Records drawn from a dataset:

BEGIN

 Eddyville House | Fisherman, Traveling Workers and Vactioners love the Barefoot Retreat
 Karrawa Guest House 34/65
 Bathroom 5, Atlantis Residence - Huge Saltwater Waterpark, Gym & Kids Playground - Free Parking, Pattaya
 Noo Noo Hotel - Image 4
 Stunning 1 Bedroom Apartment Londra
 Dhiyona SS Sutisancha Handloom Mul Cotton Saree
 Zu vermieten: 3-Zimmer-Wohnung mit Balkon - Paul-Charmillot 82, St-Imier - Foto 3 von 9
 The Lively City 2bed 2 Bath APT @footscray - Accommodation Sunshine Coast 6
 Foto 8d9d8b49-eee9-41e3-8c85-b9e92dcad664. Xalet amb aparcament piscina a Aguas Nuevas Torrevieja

END

* PROBLEM STATEMENT *
Write out all the data exactly.

* RESPONSE *
 Eddyville House | Fisherman, Traveling Workers and Vactioners love the Barefoot Retreat
 Karrawa Guest House 34/65
 Bathroom 5, Atlantis Residence - Huge Saltwater Waterpark, Gym & Kids Playground - Free Parking, Pattaya
 Noo Noo Hotel - Image 4
 Stunning 1 Bedroom Apartment Londra
 Dhiyona SS Sutisancha Handloom Mul Cotton Saree
 Zu vermieten: 3-Zimmer-Wohnung mit Balkon - Paul-Charmillot 82, St-Imier - Foto 3 von 9
 The Lively City 2bed 2 Bath APT @footscray - Accommodation Sunshine Coast 6
 Foto 8d9d8b49-eee9-41e3-8c85-b9e92dcad664. Xalet amb aparcament piscina a Aguas Nuevas Torrevieja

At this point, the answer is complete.